Kelce looks dead to rights, no? Linebacker closing, trailing defensive linemen to clean up. Now let's start counting.
That's ONE, as the foolish linebacker who thought he'd tackle Travis Kelce on his own goes sliding off due to a well-executed spin move by Kelce.
Of course, here come the big uglies to clean up. It's over now, right? Well, not really. These next two shots barely look like they're from the same play. In the first Kelce looks finished, in the next ... well, I'll just show you. I have no idea how Kelce does this. We'll be counting from here on out:
That's TWO, as a secondary player (poor guy) goes flying off Kelce like he's made of rubber and Kelce's made of... well, rubber.
Now come the Big Men (defensive linemen 99 and 75) to finish the job. 99 in particular has Kelce. I mean, he has him, right?
Nope. That's THREE, as the defensive lineman can't hang on while Travis twists and keeps his legs churning. Dude's running like 2.7 before 2.7 become 2.7. And another defensive lineman now has his hands on Kelce.
Remember number 75? You know, the giant defensive lineman who was hitting Kelce? Yeah. that's him laying on the ground behind Kelce. That's FOUR. And now we're back to calling him Angry Travis. Because that's just some flat-out Angry Travis running.
Four broken tackles, two of which were defensive linemen. Here's my absolute favorite picture of the bunch.
Look at the carnage left in the Wake of Angry Travis. It's a freaking bloodbath. Four players in various positions of "ow." It's like looking at a room after a Liam Neeson fight scene. I love it. That physicality is what separates Travis Kelce from the rest of the pack. He runs angry and fights for extra yardage.
I had Mrs. MNchiefsfan watch that play, and her response was, "Wow, he really wanted those extra two yards." I know that sounds kind of like a backhanded compliment (by pointing out how little yardage all that fighting gained), but that's how Mrs. MNchiefsfan rolls. Getting a "wow" from her with a football play is like getting a "wow" from me during a gymnastics routine. You have to do something REALLY impressive to impress Mrs. MNchiefsfan.

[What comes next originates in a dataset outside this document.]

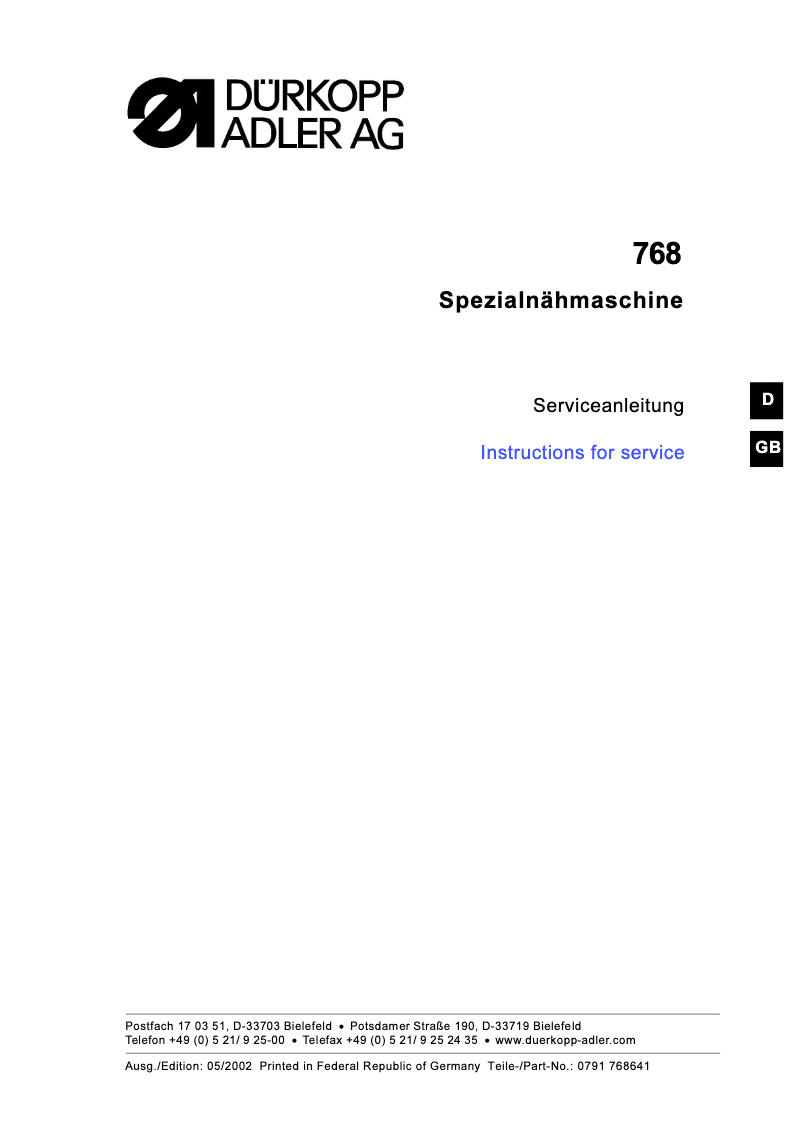 Image de la première page du manuel de l'appareil 768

These two plays do a wonderful job summarizing the answer to that "What will Travis Kelce bring to the offense" question. He brings a unique size / speed combo that's an incredibly tough matchup on defenses. Put a linebacker on him and he'll outrun him. But a corner on him and he'll outmuscle him. There are no good options. And that's leaving out the fact that he brings that same aggressiveness to his blocking.
Two preseason plays are definitely a small sample size. But we're football fans, and those were awesome plays. We'll see where it goes from here, but I'm as excited about Travis Kelce in our offense as I am for any other player this season. Our offense needed more speed and attitude, and he's bringing plenty of both.